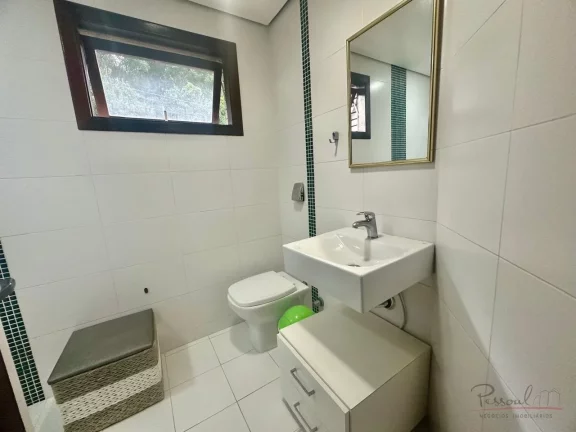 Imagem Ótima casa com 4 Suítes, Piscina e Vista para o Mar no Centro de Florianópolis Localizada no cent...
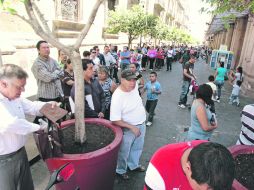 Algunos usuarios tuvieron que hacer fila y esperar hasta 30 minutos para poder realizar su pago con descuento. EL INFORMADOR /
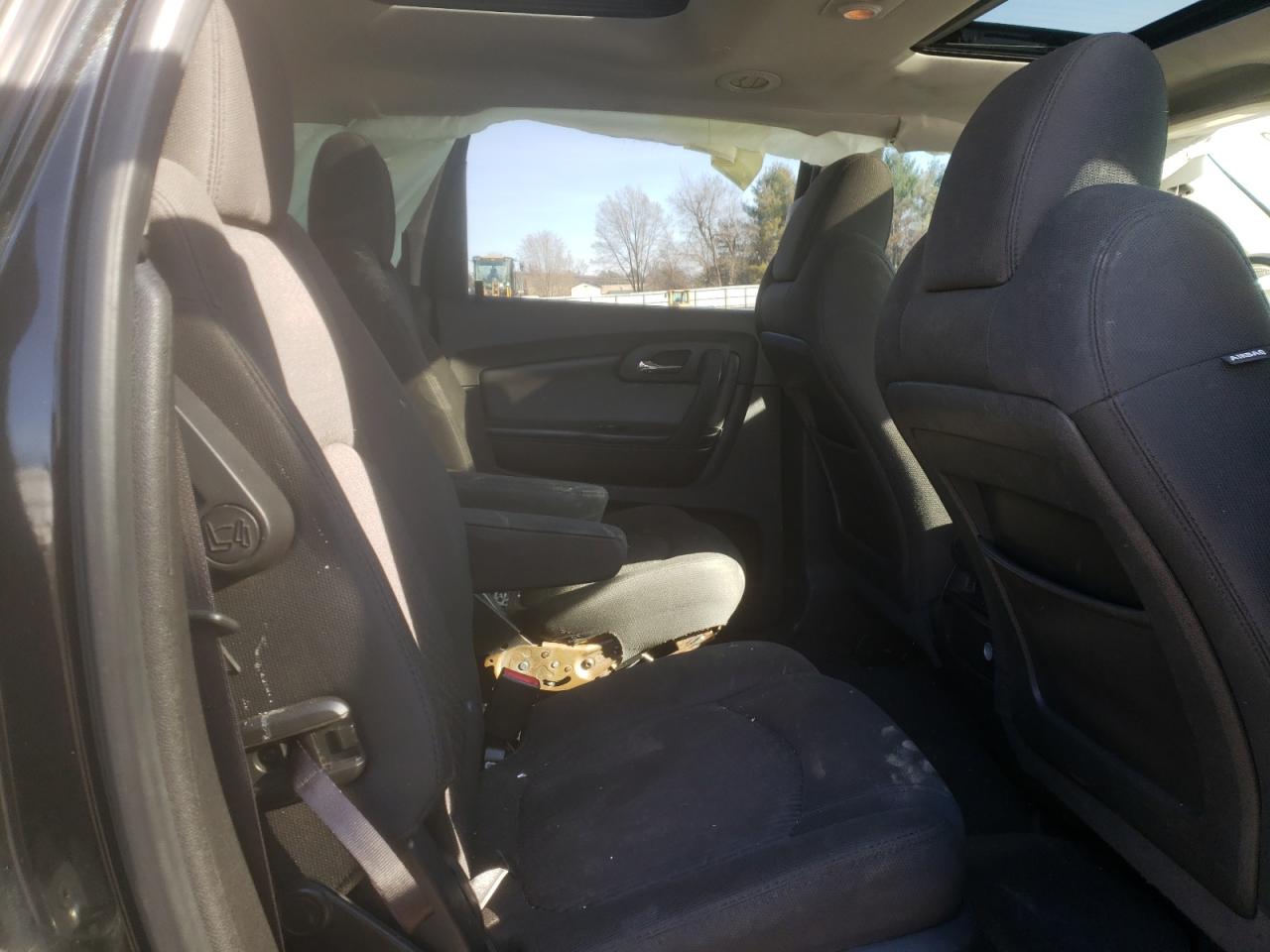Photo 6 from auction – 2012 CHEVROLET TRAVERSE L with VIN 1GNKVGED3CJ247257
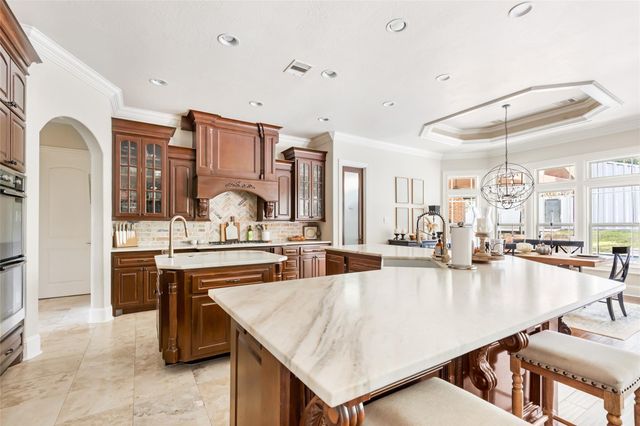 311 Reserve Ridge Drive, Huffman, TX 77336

--- PROBLEM TO WORK ON ---
Print every line above exactly. Leave the pictures out.

--- WRITTEN SOLUTION ---
 Imagem Ótima casa com 4 Suítes, Piscina e Vista para o Mar no Centro de Florianópolis Localizada no cent...
 Algunos usuarios tuvieron que hacer fila y esperar hasta 30 minutos para poder realizar su pago con descuento. EL INFORMADOR /
Photo 6 from auction – 2012 CHEVROLET TRAVERSE L with VIN 1GNKVGED3CJ247257
 311 Reserve Ridge Drive, Huffman, TX 77336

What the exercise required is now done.